3 Mr Latham, through his agent Mr Sproule, requested an internal review of this decision on 26 August 1999. The internal review was limited to the documents to which access was refused in full. The review, dated 22 September 1999, affirmed the original decision.
4 On 6 September 1999, Mr Latham lodged an application with the Tribunal for a review of the agency’s decision.
5 The background to this case is that Mr Latham was working as a casual employee with the agency at a group home for people with an intellectual disability. As a result of some information being given to the agency alleging that an employee at the group home had been verbally and physically abusing clients, the agency undertook some investigations to determine whether any disciplinary or other action should be taken against Mr Latham.
Concerns about the investigation
6 Mr Latham expressed serious concerns about the investigation and about the way in which his FOI application was handled. He maintains that his treatment was not reasonable and did not accord with procedural fairness. He alleges that the agency did not comply with its obligations under various statutes, particularly the Public Sector Management Act1988.
7 As real as these issue are for Mr Latham, the main role for the Tribunal in this matter is to determine whether the agency made the correct and preferable decision in denying Mr Latham access to several documents. In addition, the Tribunal can report improper conduct if an officer of an agency has failed to exercise, in good faith, a function conferred or imposed by the FOI Act. Section 58 of the FOI Acts states that:
- If, as a result of a review application, the Tribunal is of the opinion that an officer of an agency has failed to exercise in good faith a function conferred or imposed on the officer by or under this Act, the Tribunal may take such measures as it considers appropriate to bring the matter to the attention of the responsible Minister for the agency.

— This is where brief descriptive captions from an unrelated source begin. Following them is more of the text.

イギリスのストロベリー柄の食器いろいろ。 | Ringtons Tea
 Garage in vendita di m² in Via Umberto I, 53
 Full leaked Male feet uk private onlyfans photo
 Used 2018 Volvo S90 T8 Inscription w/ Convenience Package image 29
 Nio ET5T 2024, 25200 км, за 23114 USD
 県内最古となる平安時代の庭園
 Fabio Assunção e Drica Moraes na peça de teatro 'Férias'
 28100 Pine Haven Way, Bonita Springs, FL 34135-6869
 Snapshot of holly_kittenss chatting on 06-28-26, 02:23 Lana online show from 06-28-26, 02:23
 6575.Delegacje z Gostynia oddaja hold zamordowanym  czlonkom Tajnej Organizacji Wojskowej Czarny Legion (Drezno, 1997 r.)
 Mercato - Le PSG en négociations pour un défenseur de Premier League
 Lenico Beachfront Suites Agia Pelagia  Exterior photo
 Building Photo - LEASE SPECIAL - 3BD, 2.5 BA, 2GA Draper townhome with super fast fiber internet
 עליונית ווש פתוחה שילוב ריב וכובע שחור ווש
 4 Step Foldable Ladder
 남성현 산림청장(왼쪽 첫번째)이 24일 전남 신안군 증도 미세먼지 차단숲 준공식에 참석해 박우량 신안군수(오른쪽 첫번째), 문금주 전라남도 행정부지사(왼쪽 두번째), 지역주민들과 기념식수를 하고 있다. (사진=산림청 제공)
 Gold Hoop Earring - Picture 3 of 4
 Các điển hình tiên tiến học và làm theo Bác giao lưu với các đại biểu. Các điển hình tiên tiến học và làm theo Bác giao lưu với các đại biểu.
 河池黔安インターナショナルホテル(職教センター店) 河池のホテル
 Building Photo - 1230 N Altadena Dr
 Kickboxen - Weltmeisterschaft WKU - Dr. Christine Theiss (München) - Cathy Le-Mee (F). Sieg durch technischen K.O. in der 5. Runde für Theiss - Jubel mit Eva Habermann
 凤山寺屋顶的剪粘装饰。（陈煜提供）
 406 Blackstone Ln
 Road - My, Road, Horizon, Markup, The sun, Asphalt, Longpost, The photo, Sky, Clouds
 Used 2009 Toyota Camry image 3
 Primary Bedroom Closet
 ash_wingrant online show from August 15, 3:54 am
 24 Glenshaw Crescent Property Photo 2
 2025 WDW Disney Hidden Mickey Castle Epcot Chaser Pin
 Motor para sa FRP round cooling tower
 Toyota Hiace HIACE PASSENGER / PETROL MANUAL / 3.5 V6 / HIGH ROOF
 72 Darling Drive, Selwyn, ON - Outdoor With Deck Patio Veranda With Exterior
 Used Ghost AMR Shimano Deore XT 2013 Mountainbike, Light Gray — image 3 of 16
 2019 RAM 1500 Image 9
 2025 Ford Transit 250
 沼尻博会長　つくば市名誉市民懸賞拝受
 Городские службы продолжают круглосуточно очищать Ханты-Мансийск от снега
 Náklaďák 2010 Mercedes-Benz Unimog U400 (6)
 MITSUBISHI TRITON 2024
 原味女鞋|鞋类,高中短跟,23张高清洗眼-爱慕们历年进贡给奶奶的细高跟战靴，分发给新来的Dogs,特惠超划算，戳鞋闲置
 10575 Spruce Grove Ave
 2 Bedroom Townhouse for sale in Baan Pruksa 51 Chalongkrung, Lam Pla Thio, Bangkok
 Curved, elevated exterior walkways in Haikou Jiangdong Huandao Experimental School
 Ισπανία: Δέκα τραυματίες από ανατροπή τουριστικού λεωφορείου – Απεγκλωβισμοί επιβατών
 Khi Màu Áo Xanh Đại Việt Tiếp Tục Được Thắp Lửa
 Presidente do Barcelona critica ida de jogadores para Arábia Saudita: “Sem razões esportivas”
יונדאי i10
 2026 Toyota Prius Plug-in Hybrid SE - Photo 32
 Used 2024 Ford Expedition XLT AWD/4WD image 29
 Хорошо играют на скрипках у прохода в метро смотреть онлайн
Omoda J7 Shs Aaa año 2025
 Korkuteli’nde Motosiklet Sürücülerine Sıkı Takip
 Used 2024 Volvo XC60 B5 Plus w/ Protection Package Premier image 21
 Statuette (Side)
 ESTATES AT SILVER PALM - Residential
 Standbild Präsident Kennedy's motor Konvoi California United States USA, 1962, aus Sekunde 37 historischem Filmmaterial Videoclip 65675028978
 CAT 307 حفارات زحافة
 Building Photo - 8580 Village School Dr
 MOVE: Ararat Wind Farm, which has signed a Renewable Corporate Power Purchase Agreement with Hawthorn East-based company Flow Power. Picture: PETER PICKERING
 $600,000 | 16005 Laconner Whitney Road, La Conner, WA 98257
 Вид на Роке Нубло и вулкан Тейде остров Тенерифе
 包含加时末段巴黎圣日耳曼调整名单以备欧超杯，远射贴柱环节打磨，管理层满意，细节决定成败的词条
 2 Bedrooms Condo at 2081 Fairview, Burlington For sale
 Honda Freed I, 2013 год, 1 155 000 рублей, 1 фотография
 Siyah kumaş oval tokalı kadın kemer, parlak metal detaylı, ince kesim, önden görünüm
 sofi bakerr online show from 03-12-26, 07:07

8 Although Mr Latham made allegations about the agency failing to comply with time periods and failing to include many of the documents requested in the Schedule, I do not have sufficient evidence on which I could form an opinion that an officer of the agency has failed to exercise in good faith a function conferred or imposed on the officer by the Act. In particular, there is no evidence that the time delays or the alleged omission of documents was a result of “bad faith” on the part of the agency.
Jurisdiction
9 The Tribunal has the power to hear this matter under s 53(1) of the FOI Act. That section states that:
- A person who is aggrieved by a determination made by an agency or Minister under or may apply to the Tribunal for a review of the determination.
10 In this case one of the determinations made under s 24 was to refuse access to certain documents.
Documents in dispute and basis for exemption claim
Pages Date Author Description Exemption 65-75 various Witnesses and Merrill Patton, Asst Manager, Disabilities Transcript of interviews with witnesses Clause 4(1)(b) Clause 9(1)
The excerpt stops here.